The findings were published in the Journal of Physiology this week.
"Our findings illustrate that what you eat affects how you think," said Fernando Gomez-Pinilla, a professor of neurosurgery at the David Geffen School of Medicine at UCLA and a professor of integrative biology and physiology in the UCLA College of Letters and Science. "Eating a high-fructose diet over the long term alters your brain's ability to learn and remember information. But adding omega-3 fatty acids to your meals can help minimise the damage."
Sources of fructose include cane sugar (sucrose) and high-fructose corn syrup, which is extensively added to processed foods including soft drinks, condiments and baby food.
Gomez-Pinilla, who is also a member of UCLA's Brain Research Institute and Brain Injury Research Centre, and study co-author Rahul Agrawal, a UCLA visiting postdoctoral fellow from India, studied two groups of rats that were each fed a fructose solution as drinking water for six weeks. The second group also received omega-3 fatty acids via flaxseed oil and docosahexaenoic acid (DHA), which prevents damage to the synapses — the chemical connections between brain cells that enable memory and learning.

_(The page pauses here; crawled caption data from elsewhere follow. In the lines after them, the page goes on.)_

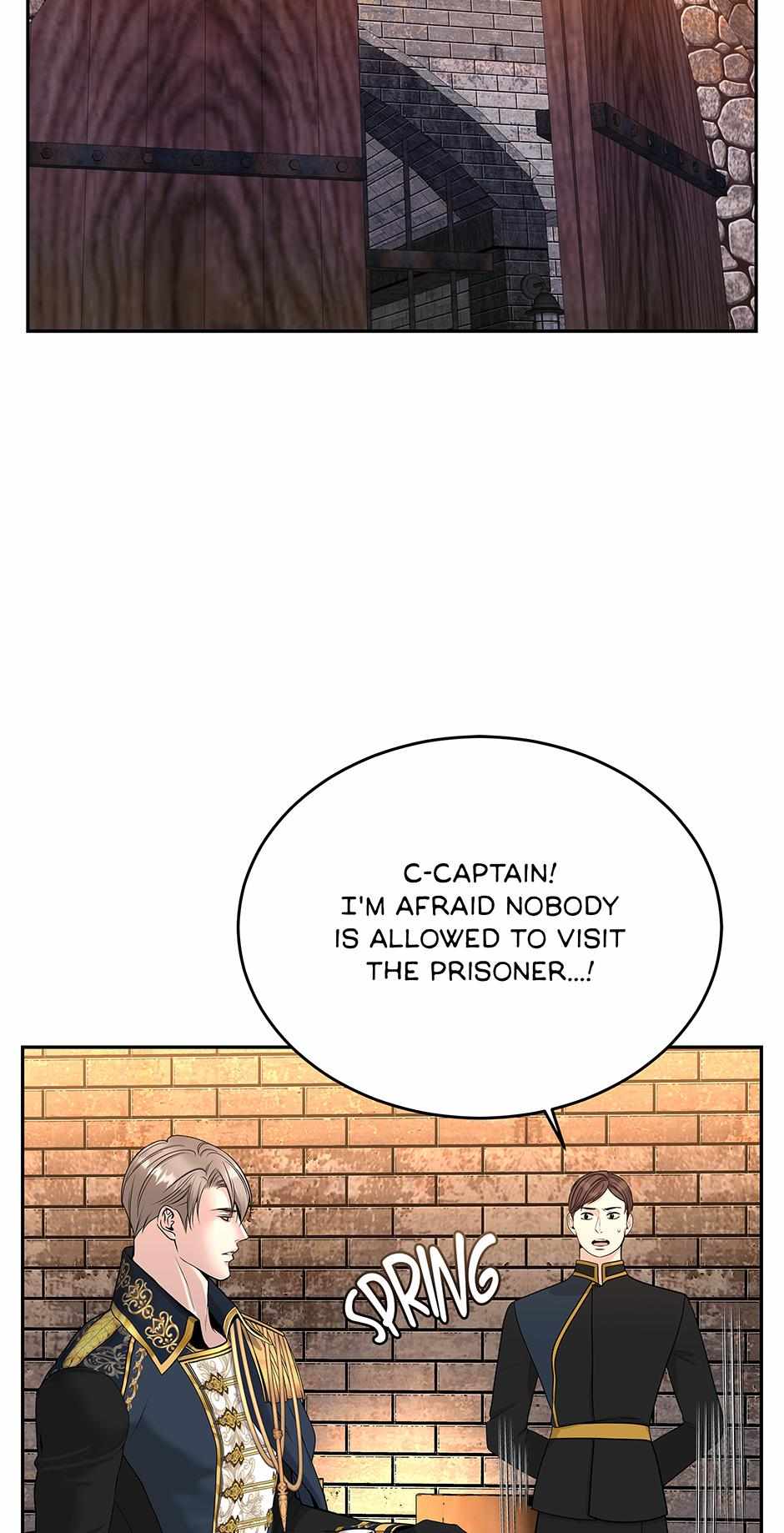 Death Is Mine Chapter 27 page 4 - 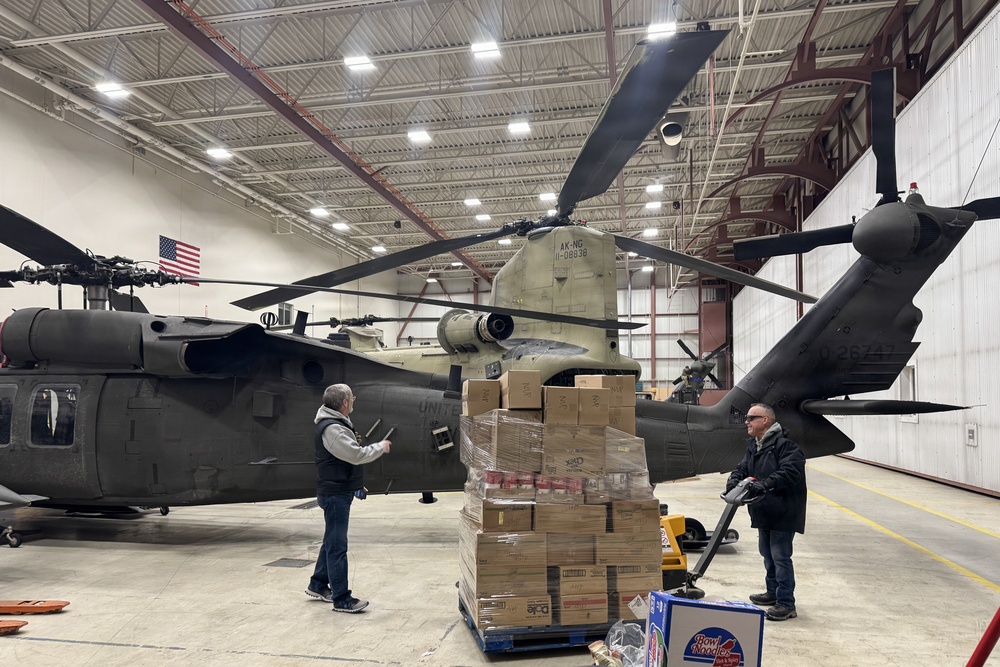 AKOM continues relief efforts during Operation Halong Response AKOM continues relief efforts during Operation Halong Response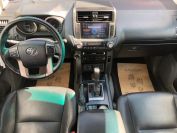 Toyota Land Cruiser Prado Фото № 16 из 26
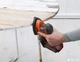 Вібраційна акумуляторна шліфмашина Black+Decker BDCDS18 - зображення 2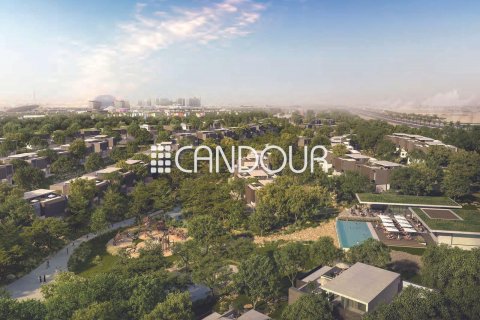 Villa itt: Dubai, EAE, 5 hálószoba, 39.8 m², azonosító: 600488 - fénykép 4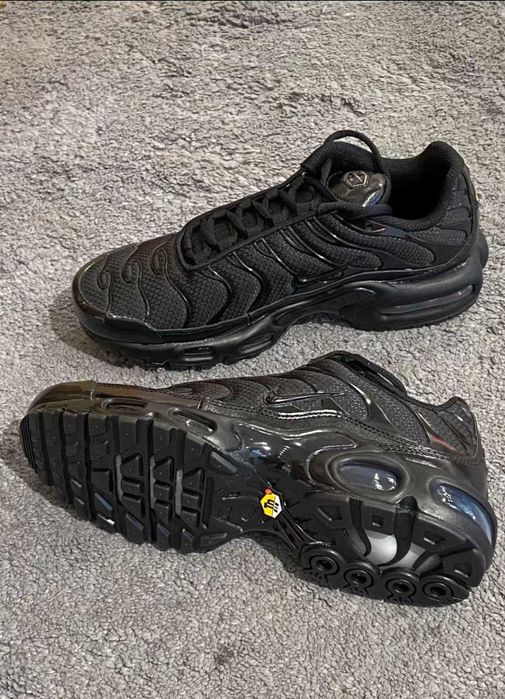 Nike_Air_Max_TN_Plus_Black R.45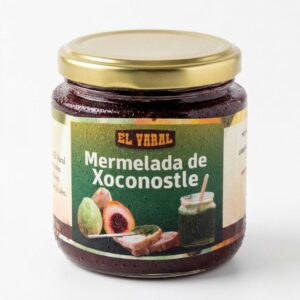 Mermelada de Xoconostle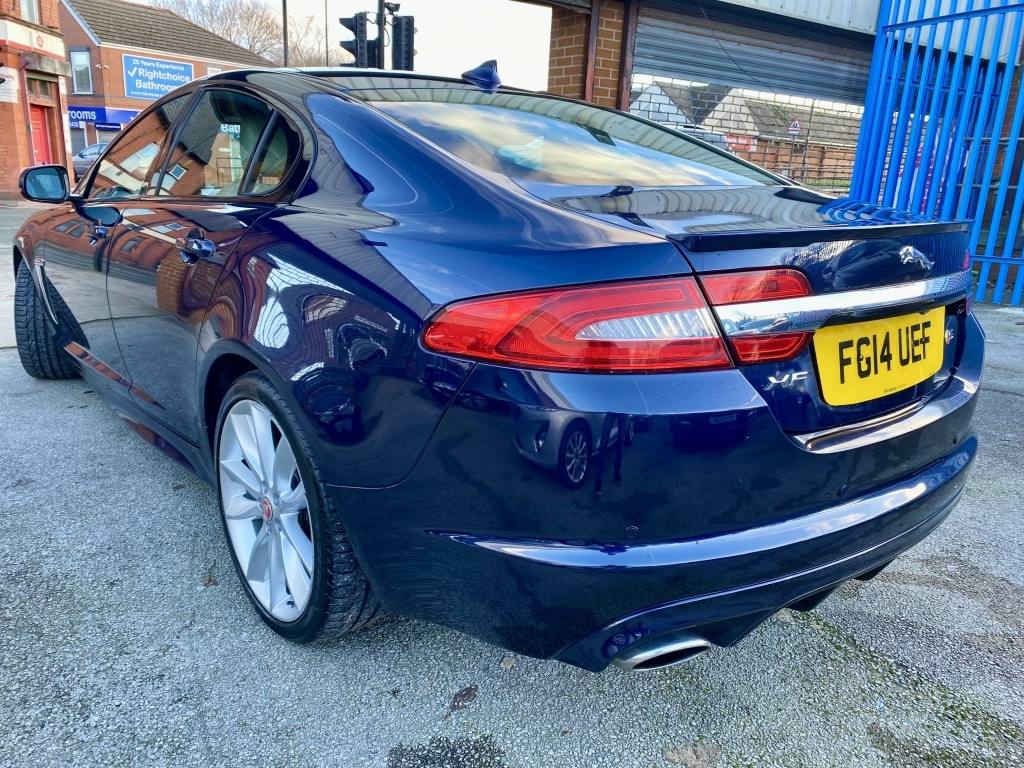 Used Jaguar XF 2014 for sale - 77055296: Photo 4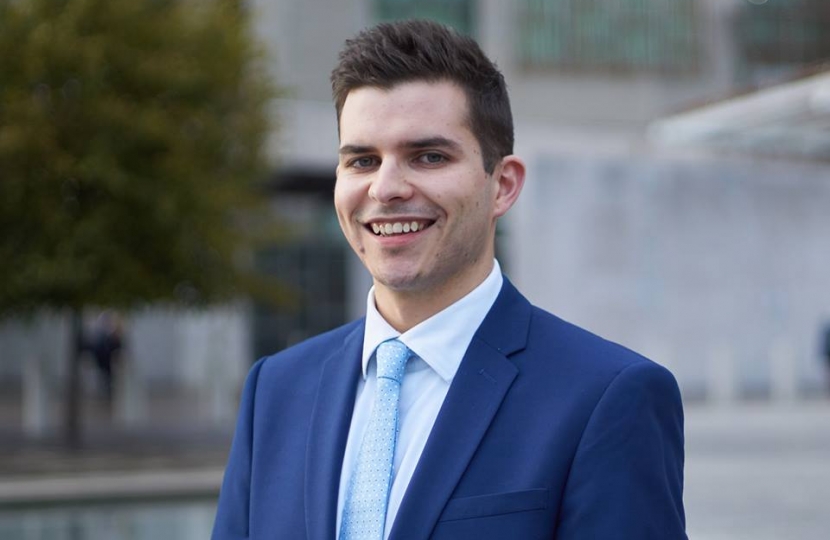 Councillor Nick Cook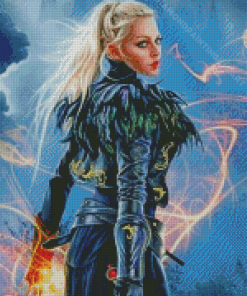 Aelin Galathynius Diamond Painting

"DHA is essential for synaptic function — brain cells' ability to transmit signals to one another," Gomez-Pinilla said. "This is the mechanism that makes learning and memory possible. Our bodies can't produce enough DHA, so it must be supplemented through our diet."
The animals were fed standard rat food and trained on a maze twice daily for five days before starting the experiment. The team tested how well the rats were able to navigate the maze and placed visual landmarks to help the rats learn and remember.
"The second group of rats navigated the maze much faster than the rats that did not receive omega-3 fatty acids," Gomez-Pinilla said. "The DHA-deprived animals were slower, and their brains showed a decline in synaptic activity. Their brain cells had trouble signaling each other, disrupting the rats' ability to think clearly and recall the route they'd learned six weeks earlier."
He thinks fructose is the reason behind the DHA-deficient rats' brain dysfunction.
He recommends that people keep their sugar intake low -- and eat foods rich in omega-3 fatty acids, like salmon, or take a daily DHA capsule of 1 g.
"Our findings suggest that consuming DHA regularly protects the brain against fructose's harmful effects," said Gomez-Pinilla. "It's like saving money in the bank. You want to build a reserve for your brain to tap when it requires extra fuel to fight off future diseases."